To do | Using the records below, give again exactly the lines from the line that contains "Jessica Simpson Gold Sparkle Slingback Heels" through the line that contains "老板的燃气灶怎么调火焰调成蓝色,燃气灶火焰蓝色与红色的区别", both ends included, and only those.

Supplied entries |
□ □ □

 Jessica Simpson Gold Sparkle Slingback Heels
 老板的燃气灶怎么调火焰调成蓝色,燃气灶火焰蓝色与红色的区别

□ □ □

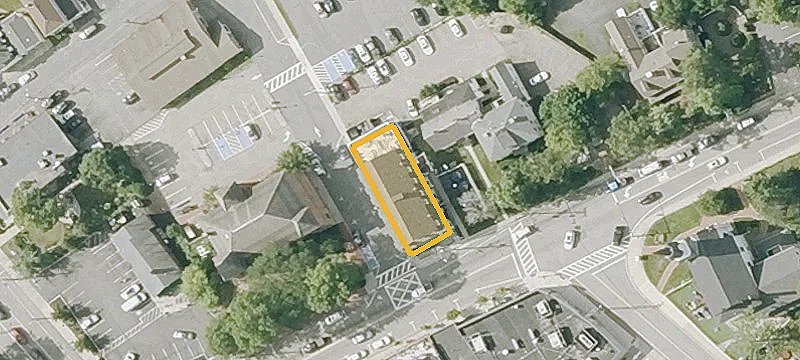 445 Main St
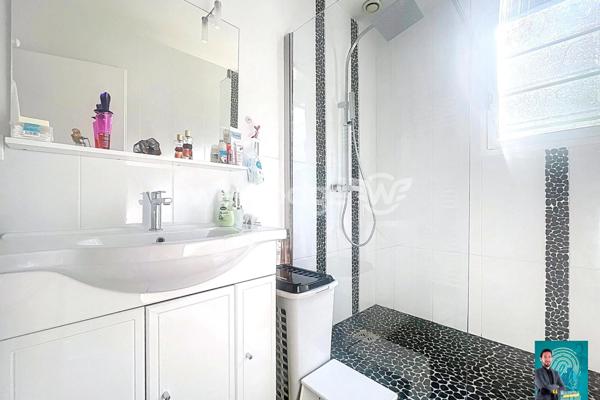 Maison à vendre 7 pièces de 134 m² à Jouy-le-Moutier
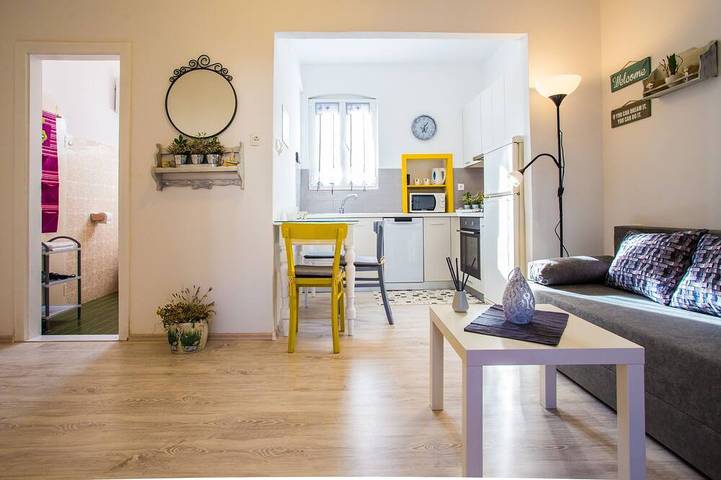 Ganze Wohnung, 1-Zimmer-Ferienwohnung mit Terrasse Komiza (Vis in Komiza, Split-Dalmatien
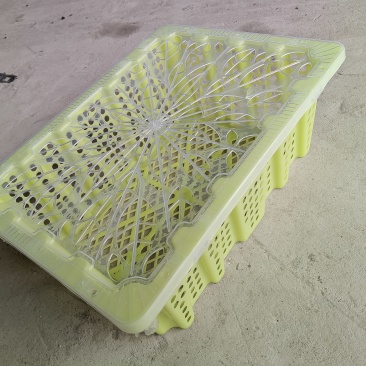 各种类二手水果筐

□ □ □

Response area |
 Jessica Simpson Gold Sparkle Slingback Heels
 老板的燃气灶怎么调火焰调成蓝色,燃气灶火焰蓝色与红色的区别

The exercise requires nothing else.